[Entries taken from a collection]
--

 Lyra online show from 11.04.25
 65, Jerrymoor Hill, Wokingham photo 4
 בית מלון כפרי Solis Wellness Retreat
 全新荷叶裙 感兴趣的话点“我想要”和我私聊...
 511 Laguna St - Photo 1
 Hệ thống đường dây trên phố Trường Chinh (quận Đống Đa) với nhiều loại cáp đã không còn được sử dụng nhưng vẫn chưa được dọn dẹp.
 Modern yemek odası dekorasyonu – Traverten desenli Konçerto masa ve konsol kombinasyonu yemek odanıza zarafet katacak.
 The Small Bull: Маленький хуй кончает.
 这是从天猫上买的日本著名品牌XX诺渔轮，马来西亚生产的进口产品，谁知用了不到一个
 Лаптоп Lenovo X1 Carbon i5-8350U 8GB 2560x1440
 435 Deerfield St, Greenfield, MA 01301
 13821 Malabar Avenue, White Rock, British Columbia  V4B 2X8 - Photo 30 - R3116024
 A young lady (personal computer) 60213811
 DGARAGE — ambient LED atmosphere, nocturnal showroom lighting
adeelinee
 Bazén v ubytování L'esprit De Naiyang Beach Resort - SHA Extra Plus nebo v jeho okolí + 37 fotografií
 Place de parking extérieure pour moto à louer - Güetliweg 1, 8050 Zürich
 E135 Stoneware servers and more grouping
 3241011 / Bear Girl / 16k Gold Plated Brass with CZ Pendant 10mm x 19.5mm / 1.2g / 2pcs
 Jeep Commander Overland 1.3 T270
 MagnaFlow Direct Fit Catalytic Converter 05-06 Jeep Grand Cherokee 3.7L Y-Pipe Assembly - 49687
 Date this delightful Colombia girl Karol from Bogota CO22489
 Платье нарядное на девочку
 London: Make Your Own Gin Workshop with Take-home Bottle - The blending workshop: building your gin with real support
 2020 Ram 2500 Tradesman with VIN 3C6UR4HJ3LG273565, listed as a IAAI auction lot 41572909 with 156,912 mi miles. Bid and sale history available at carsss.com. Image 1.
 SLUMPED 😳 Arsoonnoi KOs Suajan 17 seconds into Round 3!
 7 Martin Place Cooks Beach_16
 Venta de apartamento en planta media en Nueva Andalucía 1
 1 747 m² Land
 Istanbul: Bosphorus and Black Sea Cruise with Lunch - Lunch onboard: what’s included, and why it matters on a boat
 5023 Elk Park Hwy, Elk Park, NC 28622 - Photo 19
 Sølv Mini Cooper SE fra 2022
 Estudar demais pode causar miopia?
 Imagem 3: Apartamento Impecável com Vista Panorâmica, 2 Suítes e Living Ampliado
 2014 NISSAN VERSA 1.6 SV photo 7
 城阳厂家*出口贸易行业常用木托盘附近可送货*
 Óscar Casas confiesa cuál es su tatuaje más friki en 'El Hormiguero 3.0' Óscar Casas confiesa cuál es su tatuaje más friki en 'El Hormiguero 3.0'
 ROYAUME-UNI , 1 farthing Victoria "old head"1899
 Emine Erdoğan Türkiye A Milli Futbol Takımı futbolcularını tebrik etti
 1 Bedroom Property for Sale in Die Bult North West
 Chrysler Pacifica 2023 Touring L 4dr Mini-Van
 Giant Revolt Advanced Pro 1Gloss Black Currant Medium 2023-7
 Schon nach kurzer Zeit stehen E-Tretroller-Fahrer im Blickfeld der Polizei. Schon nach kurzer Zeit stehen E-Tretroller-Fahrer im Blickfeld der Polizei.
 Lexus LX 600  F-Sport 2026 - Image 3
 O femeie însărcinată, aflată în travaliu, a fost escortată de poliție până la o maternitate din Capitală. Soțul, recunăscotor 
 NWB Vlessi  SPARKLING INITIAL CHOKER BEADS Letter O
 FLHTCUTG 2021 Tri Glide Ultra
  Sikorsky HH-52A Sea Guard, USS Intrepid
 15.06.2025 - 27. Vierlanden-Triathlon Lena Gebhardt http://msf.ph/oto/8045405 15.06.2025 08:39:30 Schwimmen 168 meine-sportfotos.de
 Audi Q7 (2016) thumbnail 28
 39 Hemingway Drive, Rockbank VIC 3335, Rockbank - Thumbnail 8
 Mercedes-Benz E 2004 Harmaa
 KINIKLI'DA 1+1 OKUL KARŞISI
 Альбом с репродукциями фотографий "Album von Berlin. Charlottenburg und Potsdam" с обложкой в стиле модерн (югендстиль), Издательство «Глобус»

--

* EXERCISE REQUIREMENTS
Could you return every record above exactly as written?

* ANSWER SPACE
 Lyra online show from 11.04.25
 65, Jerrymoor Hill, Wokingham photo 4
 בית מלון כפרי Solis Wellness Retreat
 全新荷叶裙 感兴趣的话点“我想要”和我私聊...
 511 Laguna St - Photo 1
 Hệ thống đường dây trên phố Trường Chinh (quận Đống Đa) với nhiều loại cáp đã không còn được sử dụng nhưng vẫn chưa được dọn dẹp.
 Modern yemek odası dekorasyonu – Traverten desenli Konçerto masa ve konsol kombinasyonu yemek odanıza zarafet katacak.
 The Small Bull: Маленький хуй кончает.
 这是从天猫上买的日本著名品牌XX诺渔轮，马来西亚生产的进口产品，谁知用了不到一个
 Лаптоп Lenovo X1 Carbon i5-8350U 8GB 2560x1440
 435 Deerfield St, Greenfield, MA 01301
 13821 Malabar Avenue, White Rock, British Columbia  V4B 2X8 - Photo 30 - R3116024
 A young lady (personal computer) 60213811
 DGARAGE — ambient LED atmosphere, nocturnal showroom lighting
adeelinee
 Bazén v ubytování L'esprit De Naiyang Beach Resort - SHA Extra Plus nebo v jeho okolí + 37 fotografií
 Place de parking extérieure pour moto à louer - Güetliweg 1, 8050 Zürich
 E135 Stoneware servers and more grouping
 3241011 / Bear Girl / 16k Gold Plated Brass with CZ Pendant 10mm x 19.5mm / 1.2g / 2pcs
 Jeep Commander Overland 1.3 T270
 MagnaFlow Direct Fit Catalytic Converter 05-06 Jeep Grand Cherokee 3.7L Y-Pipe Assembly - 49687
 Date this delightful Colombia girl Karol from Bogota CO22489
 Платье нарядное на девочку
 London: Make Your Own Gin Workshop with Take-home Bottle - The blending workshop: building your gin with real support
 2020 Ram 2500 Tradesman with VIN 3C6UR4HJ3LG273565, listed as a IAAI auction lot 41572909 with 156,912 mi miles. Bid and sale history available at carsss.com. Image 1.
 SLUMPED 😳 Arsoonnoi KOs Suajan 17 seconds into Round 3!
 7 Martin Place Cooks Beach_16
 Venta de apartamento en planta media en Nueva Andalucía 1
 1 747 m² Land
 Istanbul: Bosphorus and Black Sea Cruise with Lunch - Lunch onboard: what’s included, and why it matters on a boat
 5023 Elk Park Hwy, Elk Park, NC 28622 - Photo 19
 Sølv Mini Cooper SE fra 2022
 Estudar demais pode causar miopia?
 Imagem 3: Apartamento Impecável com Vista Panorâmica, 2 Suítes e Living Ampliado
 2014 NISSAN VERSA 1.6 SV photo 7
 城阳厂家*出口贸易行业常用木托盘附近可送货*
 Óscar Casas confiesa cuál es su tatuaje más friki en 'El Hormiguero 3.0' Óscar Casas confiesa cuál es su tatuaje más friki en 'El Hormiguero 3.0'
 ROYAUME-UNI , 1 farthing Victoria "old head"1899
 Emine Erdoğan Türkiye A Milli Futbol Takımı futbolcularını tebrik etti
 1 Bedroom Property for Sale in Die Bult North West
 Chrysler Pacifica 2023 Touring L 4dr Mini-Van
 Giant Revolt Advanced Pro 1Gloss Black Currant Medium 2023-7
 Schon nach kurzer Zeit stehen E-Tretroller-Fahrer im Blickfeld der Polizei. Schon nach kurzer Zeit stehen E-Tretroller-Fahrer im Blickfeld der Polizei.
 Lexus LX 600  F-Sport 2026 - Image 3
 O femeie însărcinată, aflată în travaliu, a fost escortată de poliție până la o maternitate din Capitală. Soțul, recunăscotor 
 NWB Vlessi  SPARKLING INITIAL CHOKER BEADS Letter O
 FLHTCUTG 2021 Tri Glide Ultra
  Sikorsky HH-52A Sea Guard, USS Intrepid
 15.06.2025 - 27. Vierlanden-Triathlon Lena Gebhardt http://msf.ph/oto/8045405 15.06.2025 08:39:30 Schwimmen 168 meine-sportfotos.de
 Audi Q7 (2016) thumbnail 28
 39 Hemingway Drive, Rockbank VIC 3335, Rockbank - Thumbnail 8
 Mercedes-Benz E 2004 Harmaa
 KINIKLI'DA 1+1 OKUL KARŞISI
 Альбом с репродукциями фотографий "Album von Berlin. Charlottenburg und Potsdam" с обложкой в стиле модерн (югендстиль), Издательство «Глобус»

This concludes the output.